In theoretical computer science, algorithms are usually evaluated with respect to their worst-case performance, whereas in other areas, average-case analysis is often used. Both of these approaches have drawbacks: worst-case analysis is overly pessimistic and average-case analysis often rests on unrealistic assumptions. To address these issues, a number of other analysis frameworks have been proposed including self-improving algorithms, smoothed analysis, instance-optimality, and algorithmic design based on a variety of data models. The objective of the project is to continue this line of research and develop techniques that go beyond worst-case analysis in the areas of approximation algorithms, algorithmic mechanism design and online algorithms. In the area of approximation algorithms for NP-hard problems, the project focuses on the development of approximation algorithms that achieve a kind of instance optimality. In the area of algorithmic mechanism design, the PI will continue to study the design and analysis of profit maximizing auctions in single-parameter environments and beyond. In the area of online algorithms, the PI will work to develop effective online algorithms for a fundamental and practical self-organizing data structure problem.
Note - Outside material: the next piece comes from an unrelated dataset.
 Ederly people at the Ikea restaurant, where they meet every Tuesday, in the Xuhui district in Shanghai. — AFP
Through the development of more effective and practical algorithms and a deeper understanding of the performance of these algorithms in practice, this research has the potential to impact a variety of subfields of computer science including artificial intelligence, systems and networking, data mining, and electronic commerce.
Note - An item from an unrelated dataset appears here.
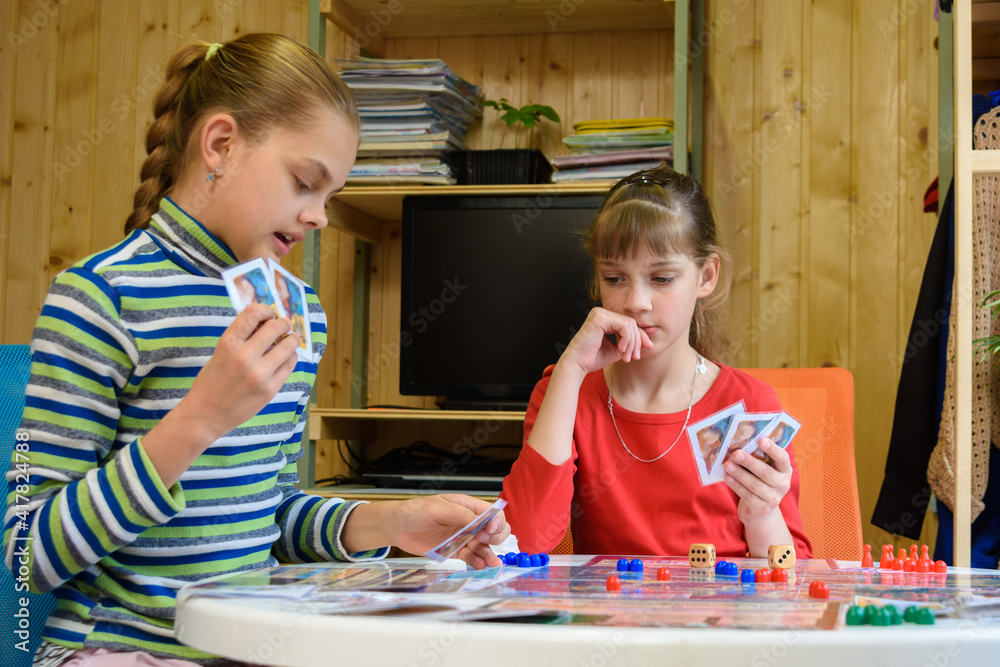 Fototapeta premium A girl plays a card from her hand, another girl looks thoughtfully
In the age of the Internet, the systems and mechanisms we design must take into account the fact that participants are self-interested, and that high quality probabilitistic information about these participants and their private information is available or can be learned. Examples where these two principles apply include the following settings: scheduling tasks in the cloud, routing traffic in a network, buying and selling goods in electronic marketplaces, assigning ad-slots to sellers on search engines and on and on. Indeed, nowadays, with global markets in which large-scale resource sharing and electronic commerce is taking place among parties with diverse and selfish interests, the question of how to design algorithms or protocols with good performance in the presence of self-interested participants is increasingly important. To have maximum impact in practice, it is important that these algorithms be designed without overly pessimistic or worst-case assumptions. The most important outcomes from this grant concern the design of such mechanisms for electronic commerce and especially for pricing and auction design. Some of the auction design settings considered are the following: 1) when the bidders' values for the items are correlated or common, as in auctions for the right to drill for oil in a certain location was studied. 2) auction design with new utility models, for example, when bidders not only care about their own profit, but also care about making sure other bidders don't do well. 3) settings where consumers do not know precisely how much they value goods, but rather learn it over time, or else can pay money to learn more about it. 4) multiple item, multiple bidder settings, where the auctioneer does not know the distribution of agents values. In all of the above settings, among others, the PI and coauthors have shown how to design auctions with strong theoretical profit guarantees, taking into account both the incentives of the bidders, and the probabilistic information available.